=== WHAT THE TASK REQUIRES ===
Retype the lines from the first one in the records down to the line containing "A woman in a", counting both, and leave out any pictures.

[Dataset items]
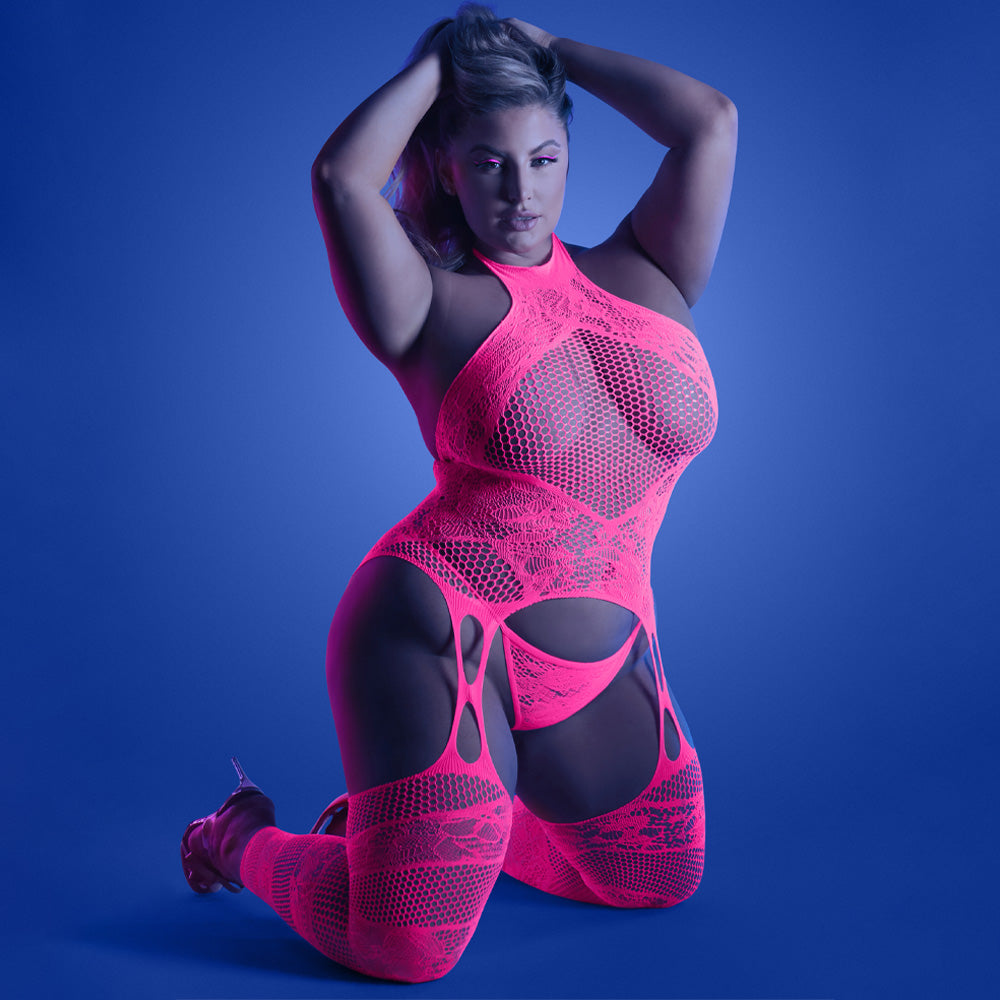 A plus-size model wears a neon pink bodystocking with a candy cane stripe pattern of alternating lace and net on the legs.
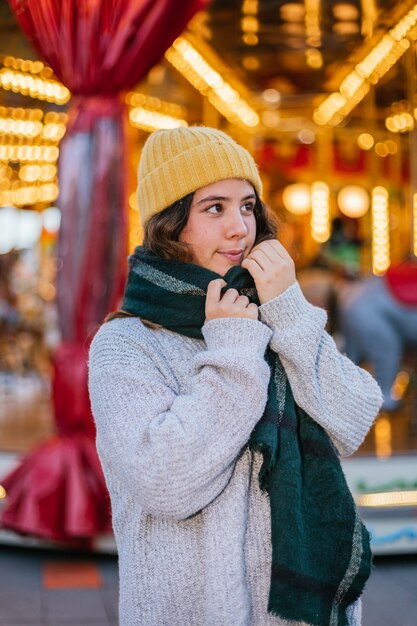 クリスマスフェアで黄色のウールのキャップとスカーフを持つ少女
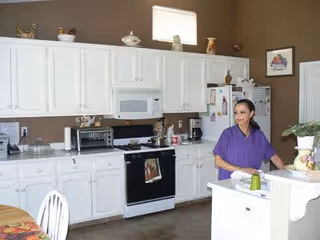 A woman in a purple shirt stands in a kitchen with white cabinets and appliances. The kitchen includes a stove, microwave, toaster oven, and refrigerator. There are decorative items on top of the cabinets and a small island with a plant and a green cup. A dining table with a floral tablecloth and white chairs is partially visible.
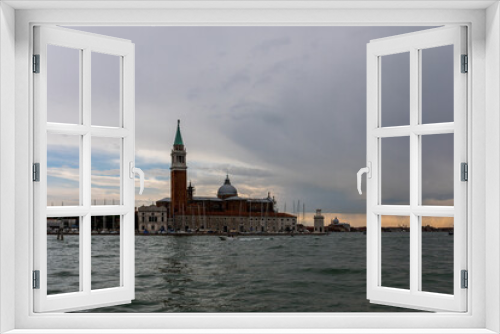 Venice's canal, boat and traditional Venetian houses view.	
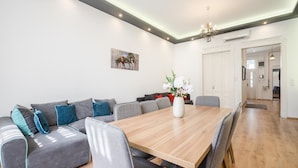 Un espace repas moderne avec une table en bois et des chaises à revêtement gris, un canapé gris agrémenté de coussins turquoise et un vase avec des fleurs.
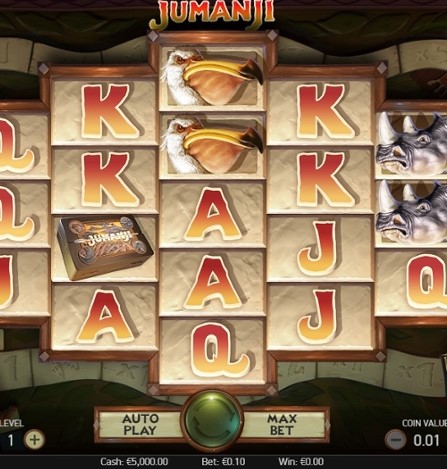 Foto de ação de um jogador participando do jogo de slot Jumanji, no meio do giro com recursos de bônus ativados.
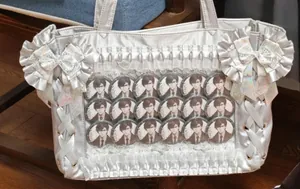 Detalle de bolsa Ita plateada con volantes de encaje, lazos de seda y ventana clara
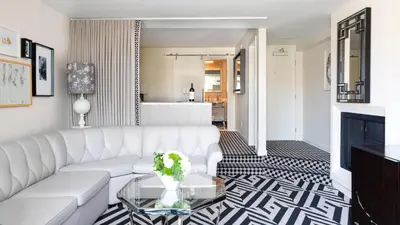 a living room with a white couch and a table at Chamberlain West Hollywood in Los Angeles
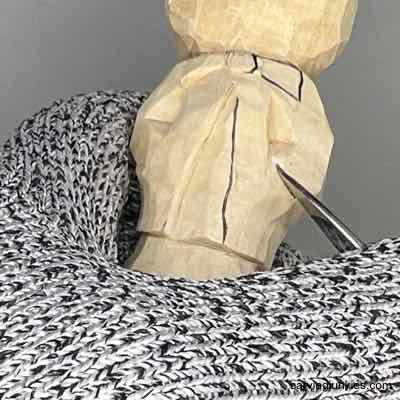 Separating details on wood carved scarecrow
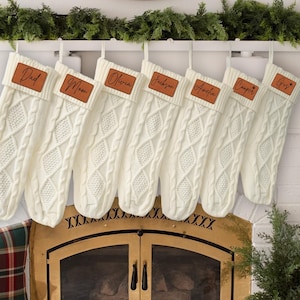 May include: A collection of seven cream-colored Christmas stockings hanging from a white mantel. Each stocking has a cable knit design and a brown leather patch with a name on it. The names include "Dad", "Mom", "Olivia", "Jackson", "Amelia", "Cooper", and "Gus".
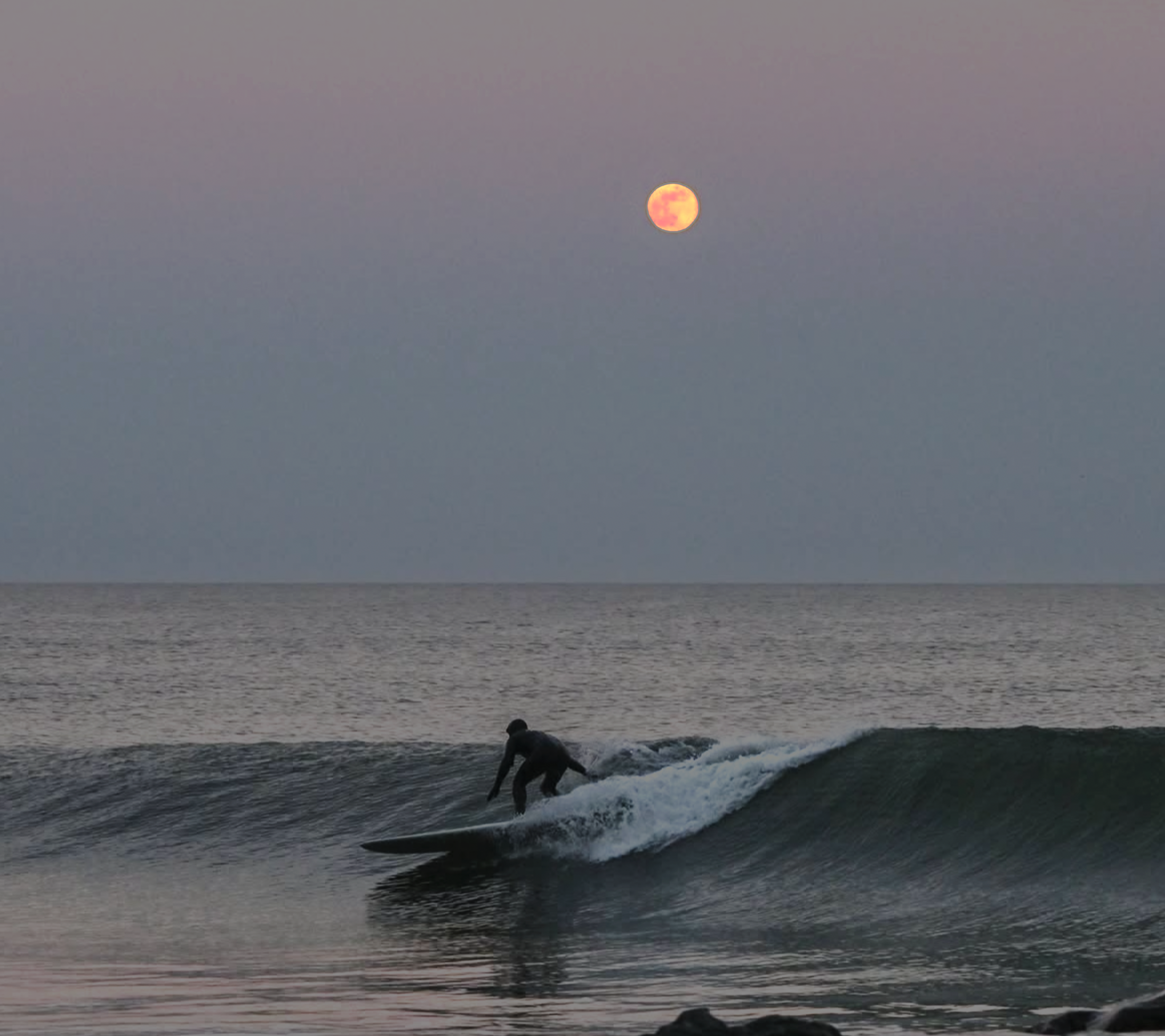 A person surfing on a wave in the ocean at dusk with a large, orange full moon in the sky.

=== OUTPUT FOR THIS TASK ===
 A plus-size model wears a neon pink bodystocking with a candy cane stripe pattern of alternating lace and net on the legs.
 クリスマスフェアで黄色のウールのキャップとスカーフを持つ少女
 A woman in a purple shirt stands in a kitchen with white cabinets and appliances. The kitchen includes a stove, microwave, toaster oven, and refrigerator. There are decorative items on top of the cabinets and a small island with a plant and a green cup. A dining table with a floral tablecloth and white chairs is partially visible.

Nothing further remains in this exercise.